• DATA LISTING:
-- Opening Marker --

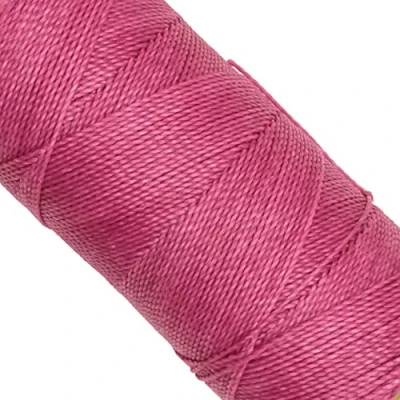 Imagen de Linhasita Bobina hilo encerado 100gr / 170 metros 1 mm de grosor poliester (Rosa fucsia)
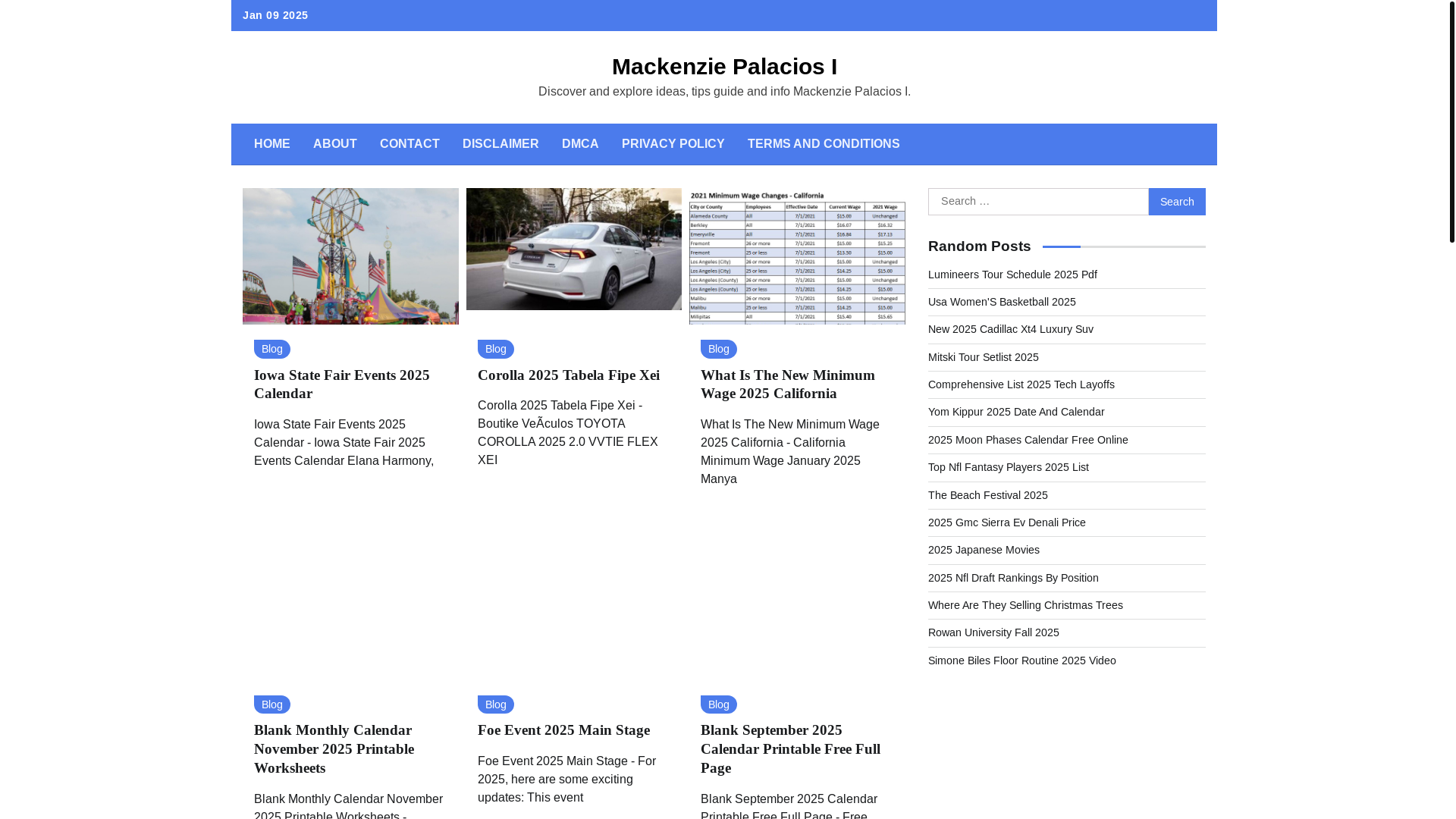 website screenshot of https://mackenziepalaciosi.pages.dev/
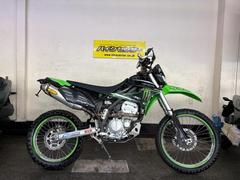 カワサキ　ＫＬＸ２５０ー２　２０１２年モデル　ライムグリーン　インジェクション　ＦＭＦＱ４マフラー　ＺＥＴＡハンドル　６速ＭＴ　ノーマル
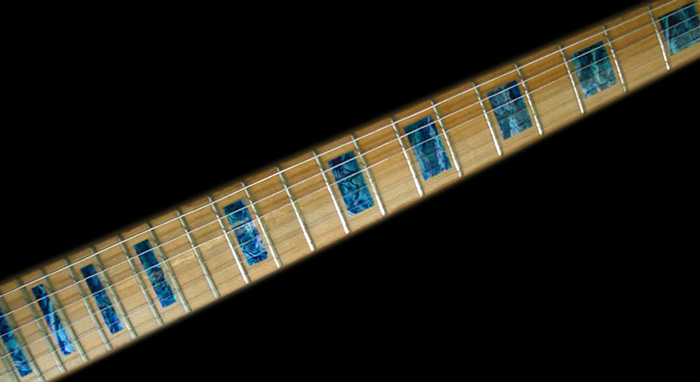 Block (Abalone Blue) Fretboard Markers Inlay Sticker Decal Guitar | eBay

-- Closing Marker --
-- Opening Marker --

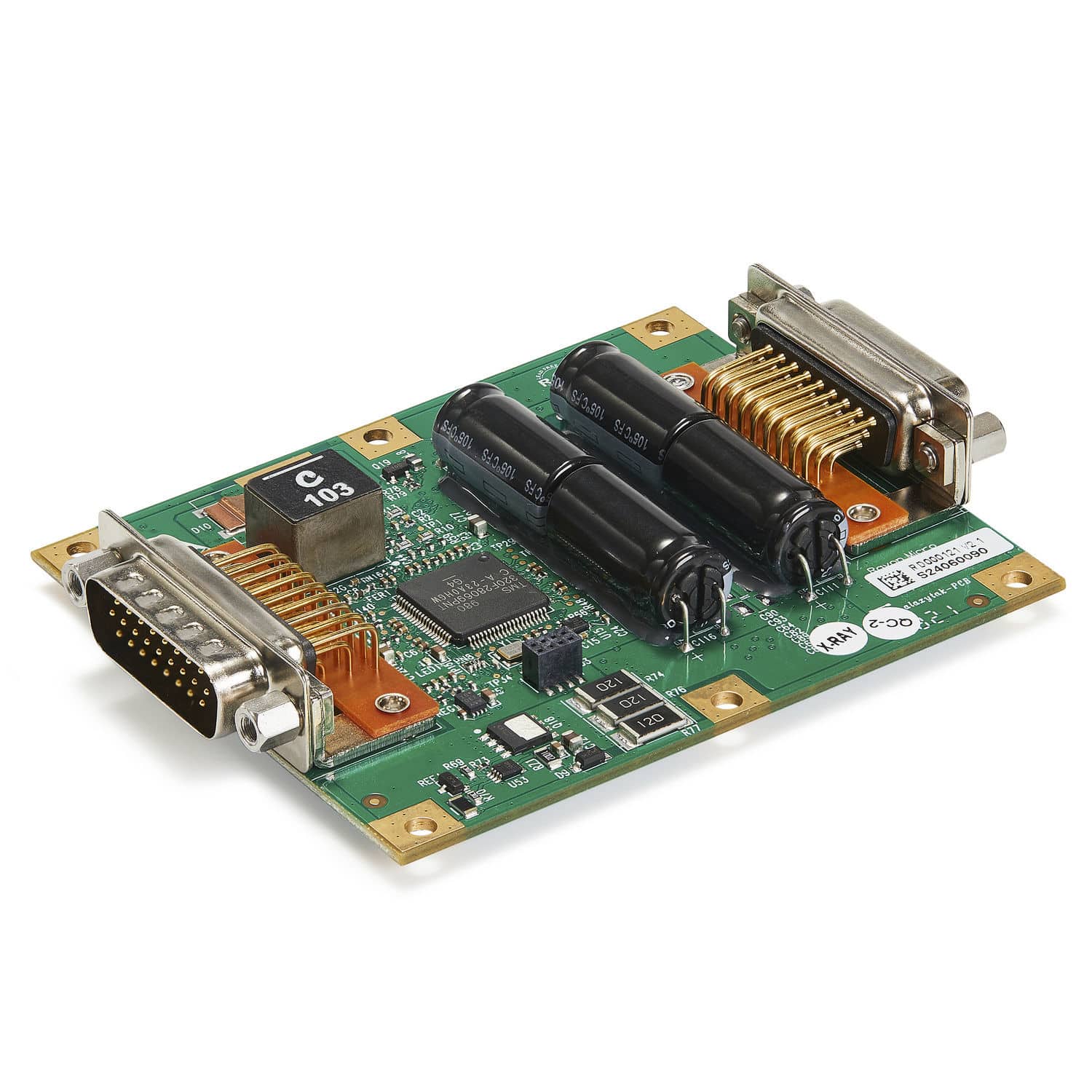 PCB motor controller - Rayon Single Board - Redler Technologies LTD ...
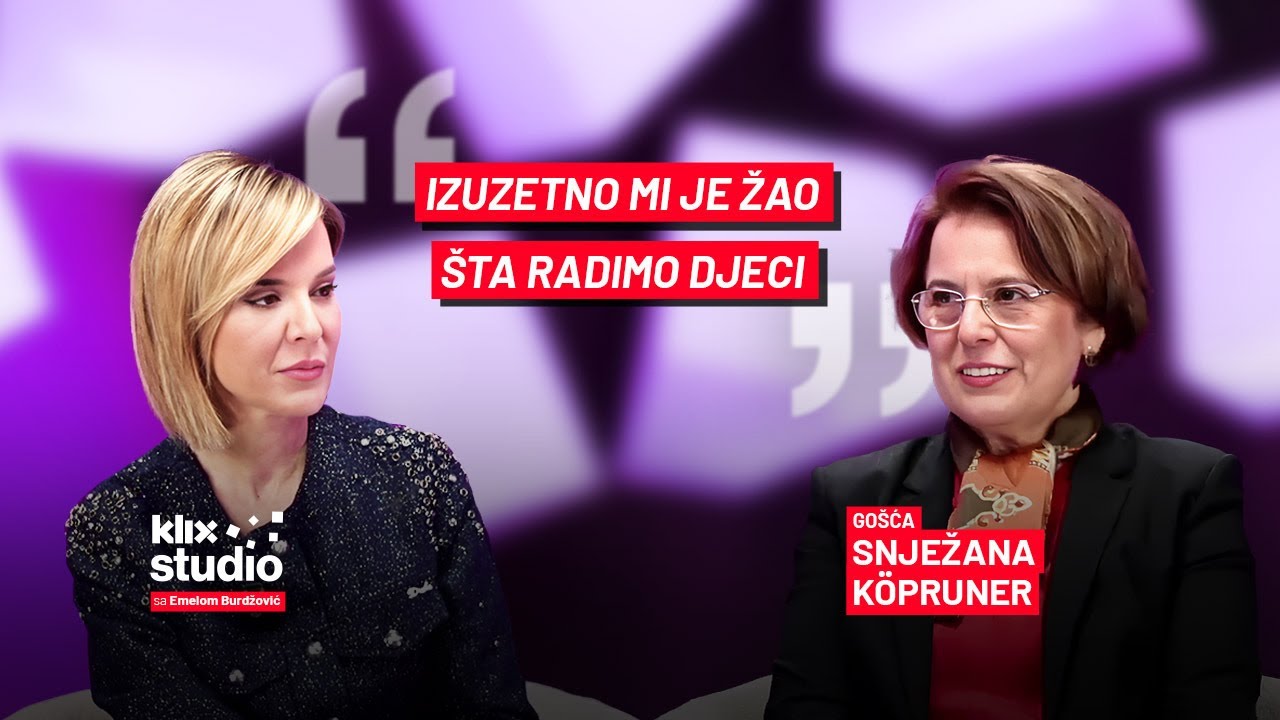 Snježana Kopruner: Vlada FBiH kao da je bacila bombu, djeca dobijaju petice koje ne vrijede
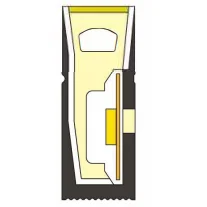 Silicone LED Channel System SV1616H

-- Closing Marker --

• DIRECTIONS FOR THIS TASK: Output exactly the lines of the listing above that start with the one holding "website screenshot of" and go on through the one holding "Block (Abalone Blue)"; leave the pictures out.

• ANSWER BOX:
 website screenshot of https://mackenziepalaciosi.pages.dev/
 カワサキ　ＫＬＸ２５０ー２　２０１２年モデル　ライムグリーン　インジェクション　ＦＭＦＱ４マフラー　ＺＥＴＡハンドル　６速ＭＴ　ノーマル
 Block (Abalone Blue) Fretboard Markers Inlay Sticker Decal Guitar | eBay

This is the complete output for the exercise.